In all, Ridley had seven catches for 146 yards against New Orleans, and his three touchdown catches matched Jones' total for the 2017 season. Factor in Ridley's touchdown catch the week before in a win against the Carolina Panthers, and Ridley certainly appears to be another top target for quarterback Matt Ryan.

"He creates unbelievable separation," Ryan said. "His acceleration out of cuts is really good. His patience for a young receiver versus man-to-man coverage, knowing how to win and the timing of the play - all of that stuff usually takes a long time to learn, and he's been doing it naturally."

Ridley's first time touching the ball against the Saints came at tailback, where he was stopped after taking a pitch from Ryan. His impact at receiver made that gadget play easy to forget.

Ridley said he doesn't know if his big game will lead to more attention from the Bengals' defense.

"I really don't have any idea," he said. "I'm just going to go out there and work and give myself the best chance to produce and give my team the best chance to win."

Falcons coach Dan Quinn was careful to point out Jones helped to create the scoring opportunities for Ridley in Atlanta's partnership of former University of Alabama receivers and first-round draft picks. Jones was taken sixth overall in 2011, while Ridley was drafted 26th this past spring.

"Usually when you open the book, you're staring at 11," Quinn said of opposing defensive coordinators' worries about Jones, a two-time All-Pro first-team selection. "He's the one who gets your attention right off the bat to say 'OK, how is this man not going to wreck the game?'"

Now Ridley is another big concern for defenses.

Another former Crimson Tide star, Cincinnati cornerback Dre Kirkpatrick, is expected to shadow Jones on Sunday.

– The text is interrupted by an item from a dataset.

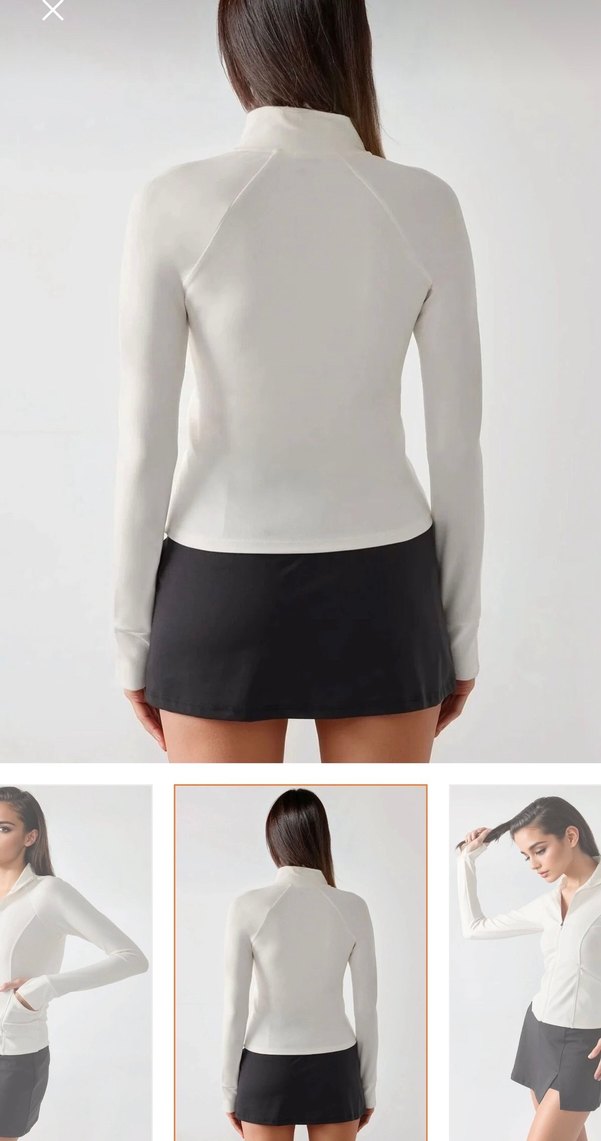 Beyaz V-Yaka Fermuarlı Uzun Kollu Mini Üst - Görsel 5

Quinn said the strength of Atlanta's rejuvenated offense, which has topped 30 points in back-to-back games, is boasting "multiple guys who have unique skill sets. Fortunately for us, we have a few of those."

The offense may have to carry a bigger load as the Falcons attempt to replace three injured starters on defense. Safety Ricardo Allen was placed on season-ending injured reserve Tuesday with a torn Achilles' tendon sustained against the Saints.

Strong safety Keanu Neal (knee) already was out for the year, and linebacker Deion Jones (foot) also is on injured reserve and must miss at least eight games.